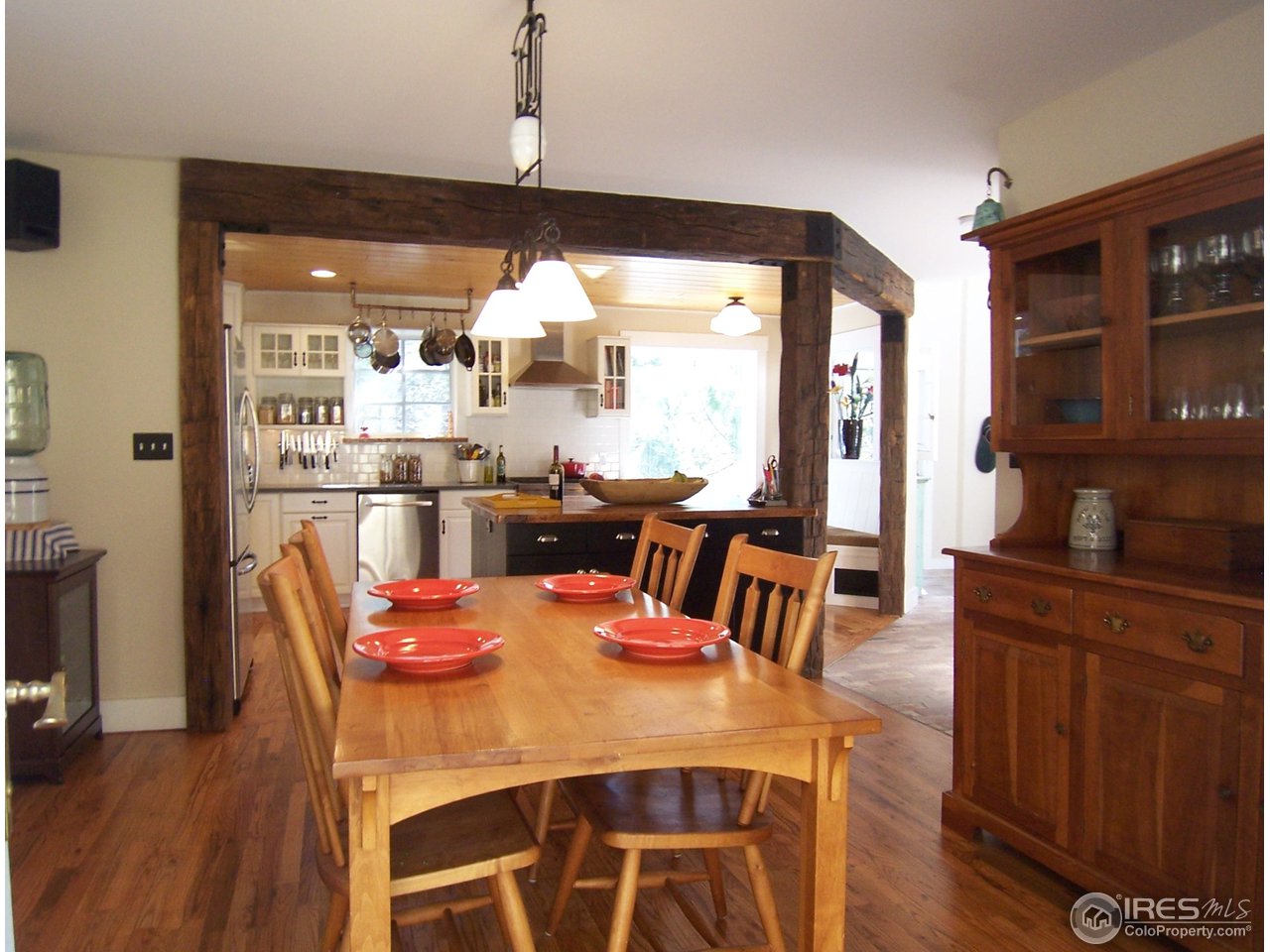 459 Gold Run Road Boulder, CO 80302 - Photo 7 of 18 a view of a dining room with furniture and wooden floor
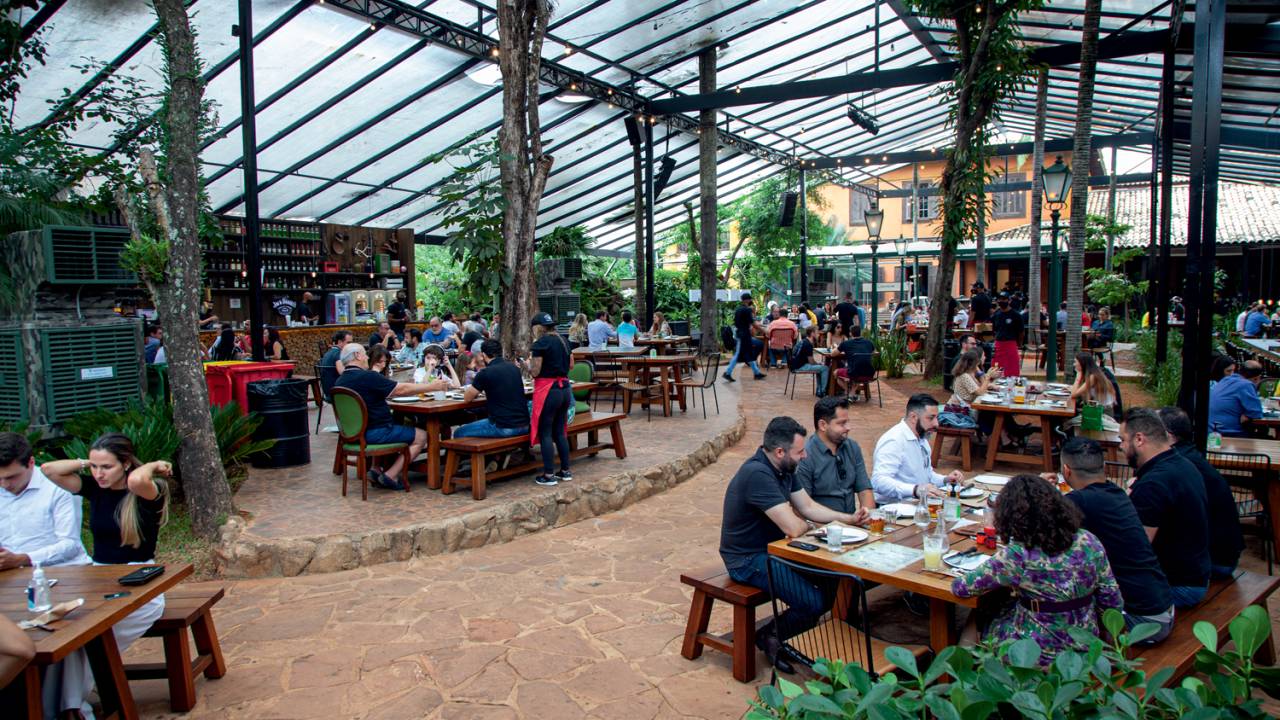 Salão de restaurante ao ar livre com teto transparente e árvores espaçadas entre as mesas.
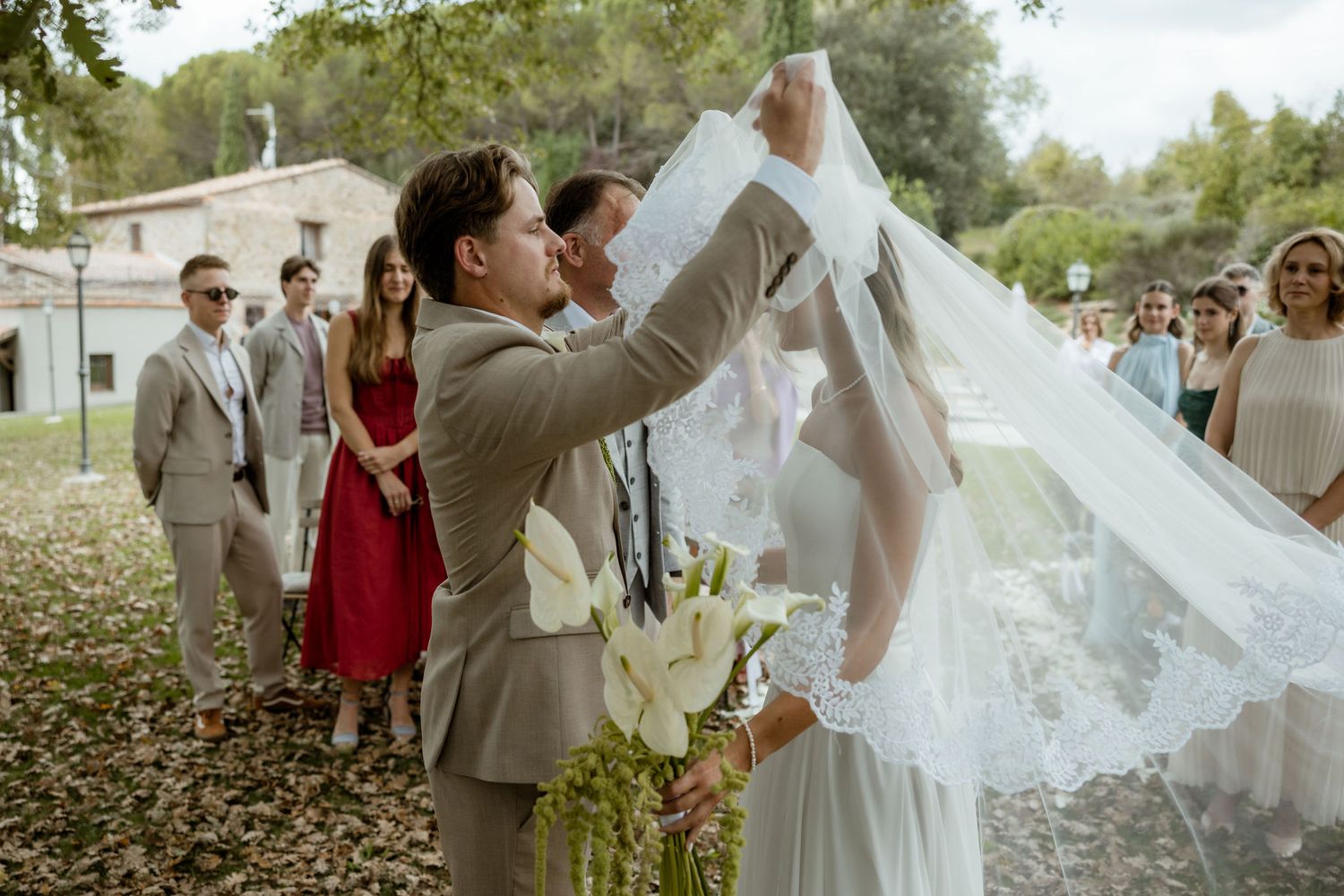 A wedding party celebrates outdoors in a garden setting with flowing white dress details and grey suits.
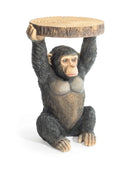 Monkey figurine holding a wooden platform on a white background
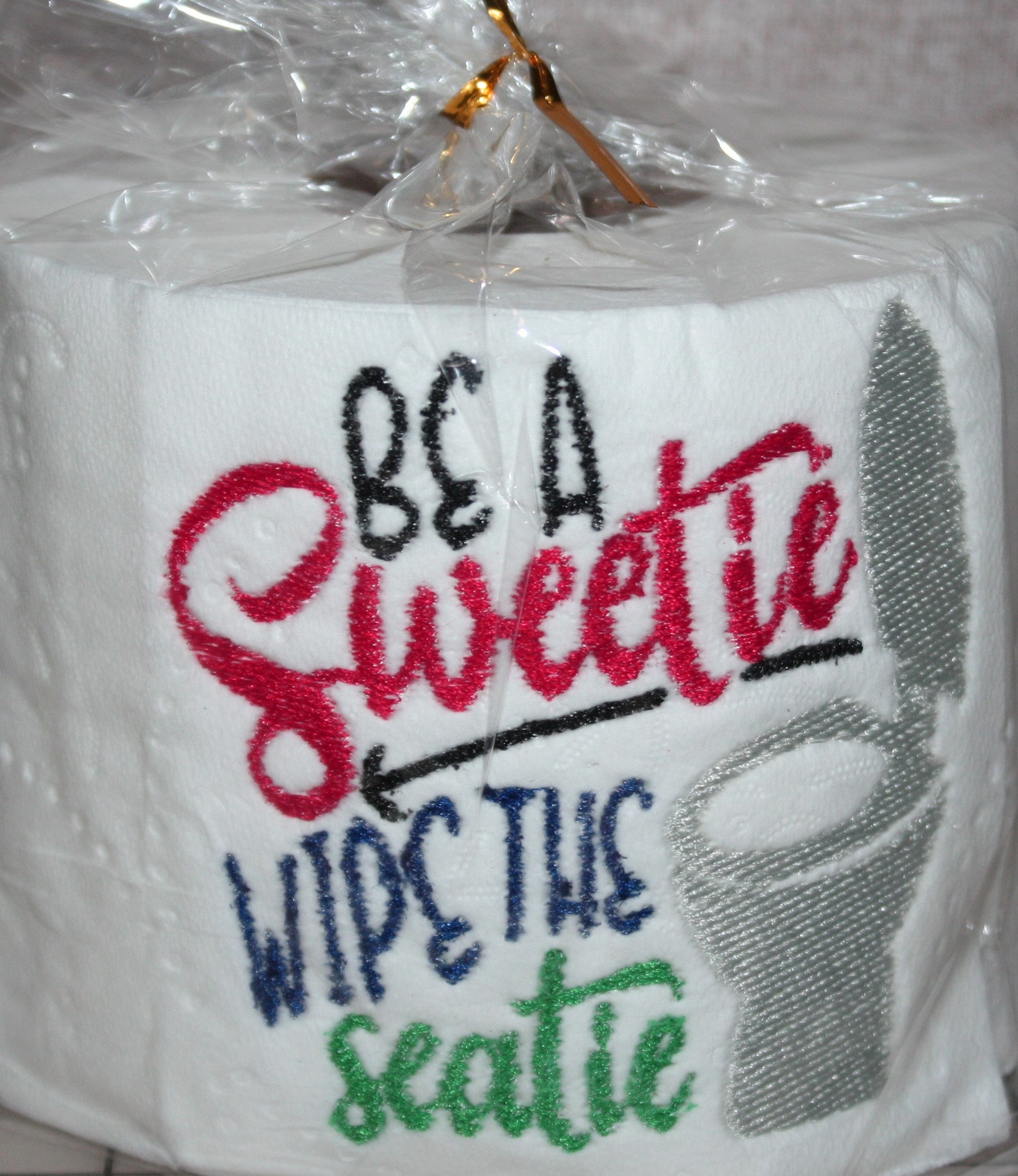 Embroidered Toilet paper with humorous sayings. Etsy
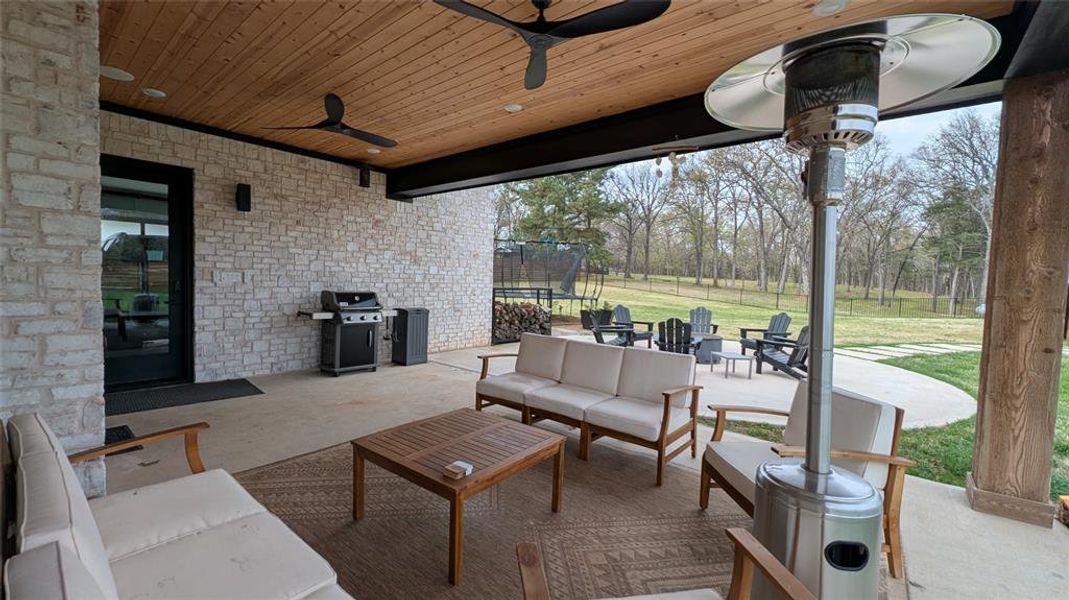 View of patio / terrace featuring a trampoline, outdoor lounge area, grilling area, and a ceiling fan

#### [Exercise instructions]
Beginning with the line that contains "Monkey figurine holding" and ending with the last line of the data, restate each line word for word. Exclude the pictures.

#### [Result]
 Monkey figurine holding a wooden platform on a white background
 Embroidered Toilet paper with humorous sayings. Etsy
 View of patio / terrace featuring a trampoline, outdoor lounge area, grilling area, and a ceiling fan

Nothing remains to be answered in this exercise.